The Los Angeles Times Festival of Kooks
Writing by treason on Sunday, 29 of April , 2007 at 7:10 pm
I’ve developed the dangerous habit of spending entire weekends with C-SPAN – especially C-SPAN 2, or “Book TV.” I like to watch the book festivals and this weekend featured one sponsored by the Los Angeles Times. I knew I was in for some fun when I started getting the feeling that many of the panelists and participants were acting as if Christopher Hitchens was the event’s token right wing fanatic.

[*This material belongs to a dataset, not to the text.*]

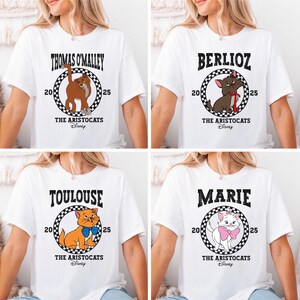 The Aristocats 2025 Shirts, Disney Cats T-Shirt, Marie Duchess Berlioz Tshirt, Toulouse Thomas O&#39;Malley Shirt, Disney Family Matching Tee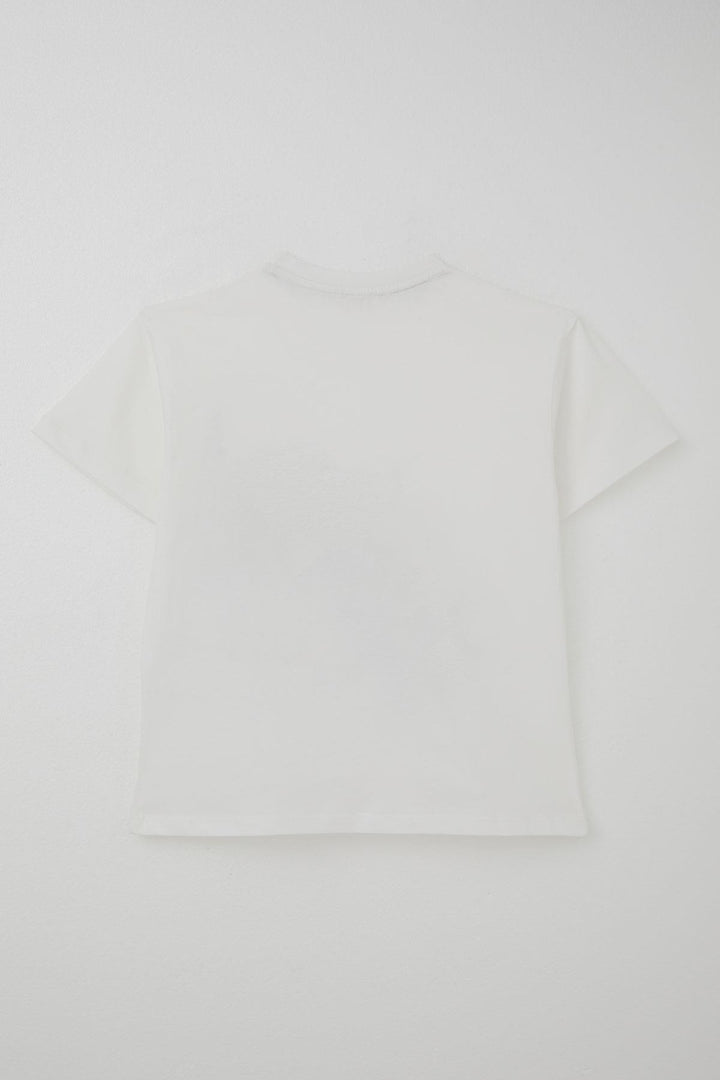 BRE Breeze Boys' Shorts Set Cool Skateboarder Printed 84 Years, Ecru - Playa del Carmen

Another Chris was there — Chris Hedges — and he was quick to make the point that if the U.S. engages in a war with Iran he’ll stop paying his taxes. He has friends in the Middle East — friends in Gaza, Tehran, and Lebanon — and he just won’t support such a war. He will, however, support the impeachment of George Bush, because rules are important, laws are important, and Bush has violated rules and laws. If I stopped paying my taxes, I’d be violating certain rules and laws. Obviously these rules and laws don’t apply to Mr. Hedges.
But I fully understand his feelings. He has friends in the desert. The U.S. has friends in the desert, too, and they are called Israelis. Mr. Hedges has not fully explained how we are to support those friends, so I suspect an entire country is somehow less important than an assortment of his personal friends.

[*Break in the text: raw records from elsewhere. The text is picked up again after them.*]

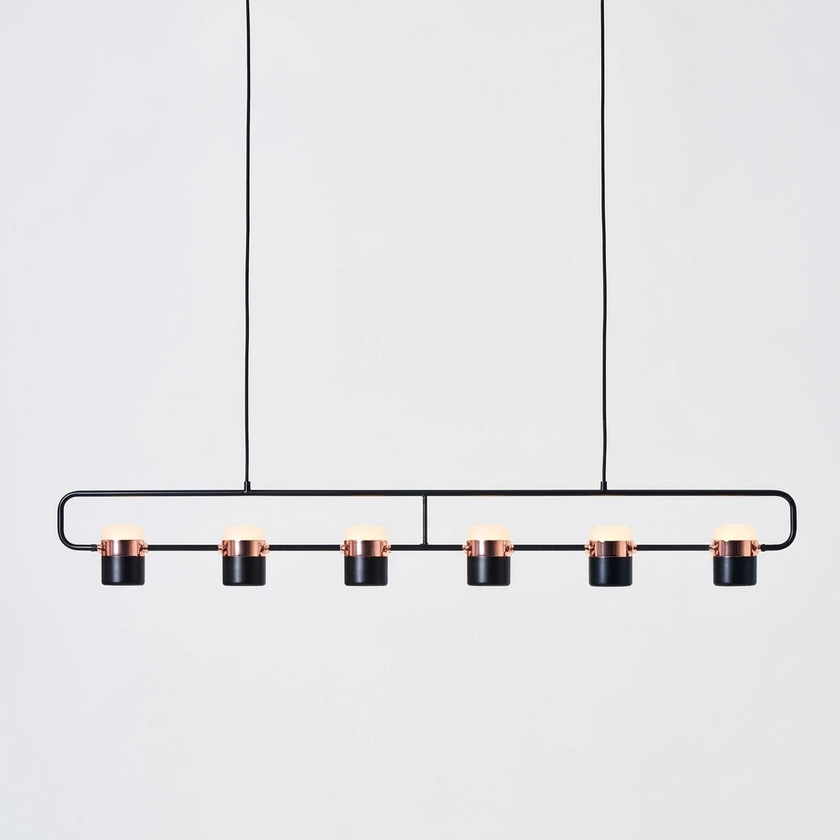 Iron Frame Tilting Pendant Light - white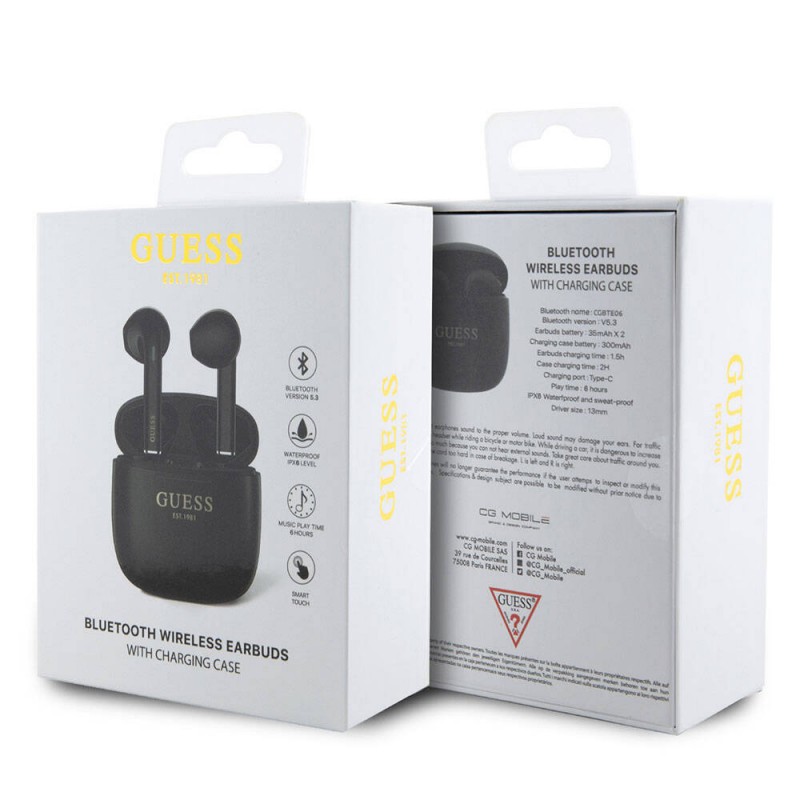 Bal-z Guess Orjinal Lisanslı Klasik EST Yazı Logolu TWS Bluetooth Kulaklık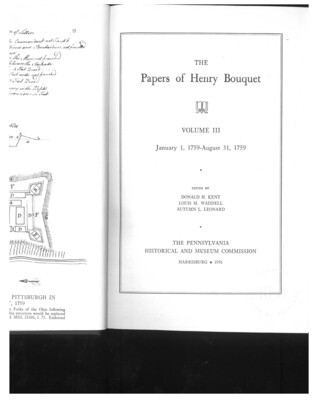 The Papers of Henry Bouquet Vol. III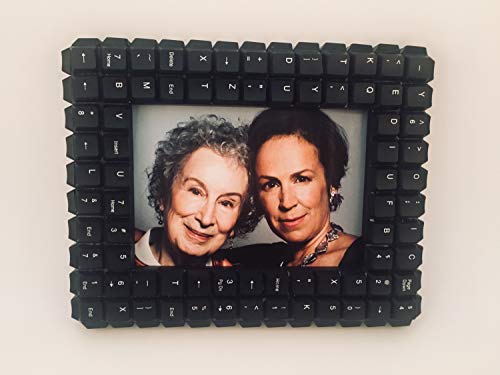 Hand crafted Picture Frame/Photo Stand Made with recycled wood & computer keyboard keys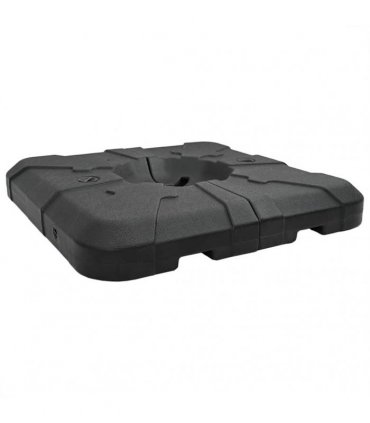 vidaXL Cantilever Umbrella Base Black 88.5 x 88.5 x 12 cm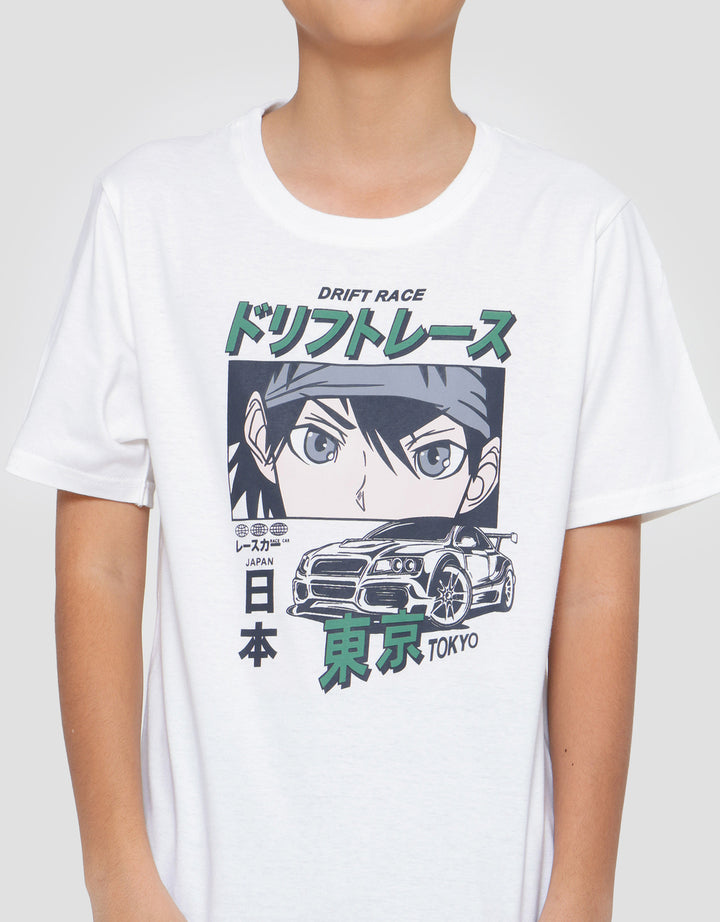 Nevada Anime Race Face Boys T-Shirt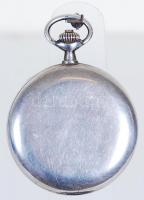 1902-1922 Duplafedelű ezüst (Ag) Omega zsebóra a Monarchia behozatali jegyével, porcelán számlappal,...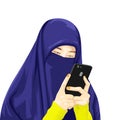 Woman wearing hijab illustration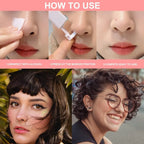 4PCS Self Hypoallergenic Nose Piercing Kit-Disposable Nose Piercing Gun with Built-in Nose Studs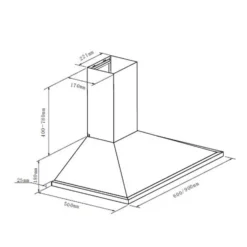 Kalahari Galina Einbau-Set Backofen + Abzugshaube 68Ltr 350 M³/h Schwarz Edelstahl 18 Kalahari Galina Einbau-Set Backofen + Abzugshaube 68Ltr 350 M³/h Schwarz Edelstahl -Küchenzubehör Verkaufsgeschäft 60002588 yy 0012 logo Klarstein Galina Dunstabzugshaube Acrylglas reedit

He dropped the I-word at the festival and received a standing ovation from a portion of the audience. I’m going to assume that it is all right for the Democrats to pursue impeachment because it’s no longer a bad thing. How can it be? Because if impeachment was bad, why would so many people be so hot to have an impeached Clinton back in the White House? It’s not bad – it’s just America’s way of saying that if they knew then what they know now they wouldn’t have voted the way they did. Impeachment is an easy fix for their mistake.
Robert Scheer was at the festival, too, and he and others applauded the November election because it really “means something.” It means, they submit, that the country is against the Republicans and against the war in Iraq. I like the way the Republicans get full credit for this war. Unlike many of my Democrat friends, I actually watched the “debate” in South Carolina, and some of those people voted for this war. A few of them even admitted that there is something called a “global war on terror.” If this war is a lie, if this war is illegal, if this war is an impeachable offense, then why isn’t Congress being held accountable?

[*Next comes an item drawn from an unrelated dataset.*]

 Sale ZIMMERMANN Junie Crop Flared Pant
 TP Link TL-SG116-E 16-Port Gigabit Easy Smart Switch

The pacifists in the group seem to be more concerned about global warming. They’re anti-war and pro-planet. Humans, they say, are responsible for war and for the destruction of the planet. My question is this: If humanity is so bad, contributing to the death of our planet and all, why not then support this war and the annihilation of the species in order to save the planet?
The Democrats won the last election and pundits are quick to say: This is significant! They also say that 2008 will be a “slam dunk” — the country is so obviously against the Republicans and the war that they will overwhelmingly vote for a Democrat congress and president. This is strange, considering their argument in 2006 about the importance of “checks and balances,” but why rain on their parade?
But what if – by some weird chance – a majority votes for Republicans in 2008? What, then, will be the significance of that?